Milletlerin kaderini yaşadıkları coğrafya belirler. 1071 yılında Anadolu’nun kapısından içeri girdiğimiz gün başladı bizim kaderimiz. Ecdadımızın geldiği topraklar, tarih boyunca tüm insanlığın hedefinde ve hayalinde olan topraklardı. Hak batıl mücadelesinin tam ortasında bulduk millet olarak kendimizi. Yüzyıllarca bu topraklarda kimi zaman Selçuklu olduk, kimi zaman bir kayı çadırına sığındık, kimi zaman da dünyayı titreten bir imparatorluğa sahip olduk. Ancak tüm bu tarihi serüvenimiz içinde asla işgal eden, istila eden ya da sömürgecilik yapan bir anlayışa sahip olmadık. Medeniyetimizin kodları bize tüm bu gayri insani kavramları yasaklamıştı. Bunun içindir ki; yüzyıllar boyunca şehirlere girmek değil, gönüllere girmek için mücadele ettik. İşgal edip sömürmek için değil, fethedip imar etmek için gayret ettik. Bu anlayışın mükâfatı olarak, ümmete hamilik gibi âli bir görevin hizmetkârları olduk.

Son iki yüzyılda millet olarak yaşadığımız fetret devrinin sonuna geldiğimizi iliklerime kadar hissediyorum artık. Zira İslam ümmeti, tarihin hiçbir döneminde bu kadar perişanlık yaşamadı. Dünyanın her yerinde Müslüman kanı akıyor. Vahşi batı bu güne kadar dünyaya zulümden başka bir şey getirmedi. Kendi topraklarında kendi insanlarını lüks ve şatafat içinde yaşatan emperyalist dünyanın zalimleri, artık zulümlerinde sınır tanımıyor. Ortadoğu’ya ait hain emellerine ulaşabilmek için başlattıkları sözüm ona ‘Arap baharı’, on yıllardır ümmeti iliklerine kadar dondurdu.
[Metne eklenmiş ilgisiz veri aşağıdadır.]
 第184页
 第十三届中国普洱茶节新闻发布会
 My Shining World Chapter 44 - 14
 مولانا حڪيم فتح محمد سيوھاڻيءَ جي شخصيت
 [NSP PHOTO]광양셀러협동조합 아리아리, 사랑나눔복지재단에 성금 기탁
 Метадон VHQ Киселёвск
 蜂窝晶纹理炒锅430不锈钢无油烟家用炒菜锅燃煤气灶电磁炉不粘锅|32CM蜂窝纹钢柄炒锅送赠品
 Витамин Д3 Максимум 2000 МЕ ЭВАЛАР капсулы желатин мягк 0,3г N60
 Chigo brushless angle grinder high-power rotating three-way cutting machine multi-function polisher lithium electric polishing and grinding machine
Tüm bu yaşananlar, geçmişte olduğu gibi yeni bir görev yükledi milletimize. Evet, biraz hazırlıksız yakalandık ama ümmetin yüklediği misyondan kaçamazdık. İşte bu gün kahraman Türk ordusunun sınır dışında yürüttüğü harekâtların hepsi bu kutlu misyonun birer parçası olarak karşımıza çıktı.

Geride bıraktığımız kırk yıl boyunca kendi sınırlarımız içinde verdiğimiz terörle mücadelede onbinlerce yiğidimizi toprağa verdik. Hamdolsun ki, devletimizin aldığı tedbirler sayesinde sınırlarımız içersinde terörle mücadele konusunda hissedilir bir rahatlık sağlandı. Ancak başta söylediğim gibi, yaşadığımız topraklarda yaşanan gelişmeler bizim bu mücadeleyi sınırlarımızın dışına taşımaya mecbur bıraktı. Tarih boyunca ümmetin hamiliğini yapan milletimizi boğmaya çalışmayı başaramayanlar, etrafımızı ateş çemberine alarak emellerine ulaşmaya çalışıyorlar. Bugün kahraman askerlerimizin sınır dışında verdiği mücadeleye bu pencereden bakmamız gerekiyor.

Türkiye’nin bölgede verdiği bu mücadele, yüklendiği yeni misyonun gereğidir. Yanı başımızda, ateşinin ülkemize de sıçraması gayesiyle çıkarılmış bir yangına kayıtsız kalamazdık. Arap ülkelerinin kukla liderlerinin eylem ve söylemleri, bizim ümmete ağabeylik yapmamız konusundaki motivasyonumuzu bozmamalıdır. Emin olunuz ki; rahat ve şatafat içinde yaşayan bu kukla liderlerin yönettiği ülkelerdeki halklar, kendileri gibi düşünmüyor. Ecdadımızın o topraklarda hüküm sürdüğü çağların hasretin çekiyorlar. Dünyanın her bir köşesinde, yokluk içinde yaşayan milyonlarca insan, semaya ellerini kaldırıp bu milletin askerine dua ediyor. Bu milletin yeniden dünyaya adalet getireceğine inanıyorlar. Türkiye’nin büyüklüğüne bizden daha çok inanıyorlar. Yaşadığımız coğrafya başta olmak üzere dünyanın her yerinde, ümmetin yeniden ayağa kalkmasına az kaldı. Bu şahlanışın bedelini ödemeyi bize kader kılan Yaradan, yine bu şahlanışın şahidi ve mimarı olmayı da bize nasip edecektir inşallah.